# help with setup on ITB's+++ digifant



## onelowvdub1 (Jun 29, 2008)

so this is going on this week and i have a few questions and making sure i get this right and you guys always gave me some good help over the interwebz
itb setup is from a silver top 4age engine modified to the 16v head..it has a cover on it to run an intake tube from it..and also 1.8t fuel rail and..also has ports for vacuum so you don't loose your braking from it..
Im pretty sure i can run this on my digifant system as the MAF with be measuring the air..and i will also be able to use the vacuum as well..wouldn't it be the same as the bmw's who run the itb's from the factory and i will get a crisper throttle and a little more power since my exhaust is straight through and the intake will be alot better as well..
any info on this would be great as i always want to be prepared first


----------



## onelowvdub1 (Jun 29, 2008)

*Re: help with setup on ITB's+++ digifant (onelowvdub1)*

ohh and i have a 91 golf with a 2.0 16v swap already done on it and running good


----------



## B4S (Apr 16, 2003)

*FV-QR*

I can safely say that no one here has done this before. It should work fine, just integrate the throttle switches in there...or you might have some issues with idle, etc.


----------



## onelowvdub1 (Jun 29, 2008)

*Re: FV-QR (B4S)*

well as i will do this i will post some pictures and as well videos..it just seems like the good thing to do..since it will be cheap to do as well..
need a new alternator bracket though right ?? a diesel one?


----------



## B4S (Apr 16, 2003)

*FV-QR*

Yeah, if you can find a diesel alt bracket, that'll put the alternator down far enough to clear the ITBs. It also simplifies finding belts, since you can just run the diesel stuff. In the past, I've used an old Rabbit diesel bracket, it's pressed steel and even lower than the MkII stuff. The issue with them is that they can get really bent out of shape over the years, but they're waaaaaaaaay compact, and very light if you're in need of that sort of thing.


----------



## xr4tic (Dec 10, 2001)

In theory...it might work.
the ITBs should have better throttle response, so there's a good chance the accel enrichment won't be correct, so it might lag a bit on throttle tip-in.
Also, Digi2 uses a VAM, not a MAF, it's a lot more restrictive, there are some turbo 2.3 Fords that have a larger VAM (85-88 turbo coupes and XR4Tis), but then you'd probably need a custom chip for it, unless you can scale the injectors appropriately
If you're ditching the A/C, the alt bracket can be modified, and the Alt moved to the AC location, you will need to space the pulley out though
I think there is a link in the MKII forum DIY FAQ
Here's what I did:


















_Modified by xr4tic at 1:49 AM 8-12-2008_


----------



## onelowvdub1 (Jun 29, 2008)

*Re: (xr4tic)*

nice..yeah i had gotten rid of the ac already..i had to go through i think 20 belts before i got the inches lol they dont make the right size for the setup im running now..2.0 16v's never came without power steering or ac i guess..
wouldnt a big bmw VAM work ??


----------



## onelowvdub1 (Jun 29, 2008)

*Re: (onelowvdub1)*

ohh and here are some pics of the current set-up might as well have before and after shots lol...

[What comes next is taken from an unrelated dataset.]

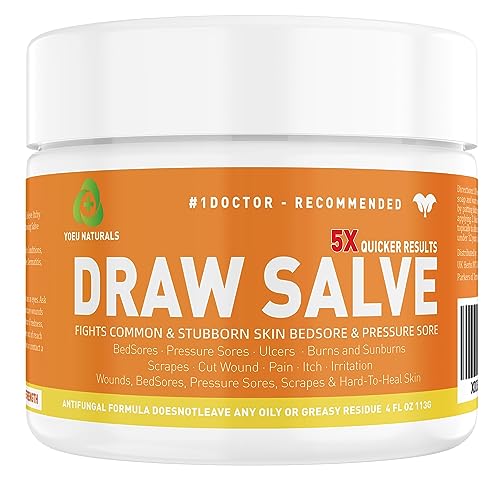 Manuka Honey Tea Tree 5X Accelerated Healing Relief Care, Advanced Cream for Buttocks Bed Sores Cream, Pressure Sores, Diabetic Wounds, Ulcers, Cuts, Scrapes, Burns Deep, Antibiotic Free, Scar Gel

and this is what its going into 








cheers









ohh and where do you live?? i had never seen an engine that rusty before is there alot of salt where you live?? 


_Modified by onelowvdub1 at 12:49 AM 8-12-2008_


----------



## onelowvdub1 (Jun 29, 2008)

*Re: (onelowvdub1)*

ohh and all the parts i will be receiving this week to transfer over..it have 2 different air box's to use the black top air box has more plenum to it..etc etc 



























































_Modified by onelowvdub1 at 12:53 AM 8-12-2008_


----------



## Mucci (Dec 1, 2004)

*Re: (onelowvdub1)*

What are those air boxes off of??
edit: just found a picture of the 4age motor.
sweet setup, I'd like to see how it turns out.







http://****************.com/smile/emthup.gif 


_Modified by Mucci at 12:20 PM 8-12-2008_


----------



## Jettaboy1884 (Jan 20, 2004)

*Re: FV-QR (onelowvdub1)*


_Quote, originally posted by *onelowvdub1* »_...it just seems like the good thing to do..since it will be cheap to do as well..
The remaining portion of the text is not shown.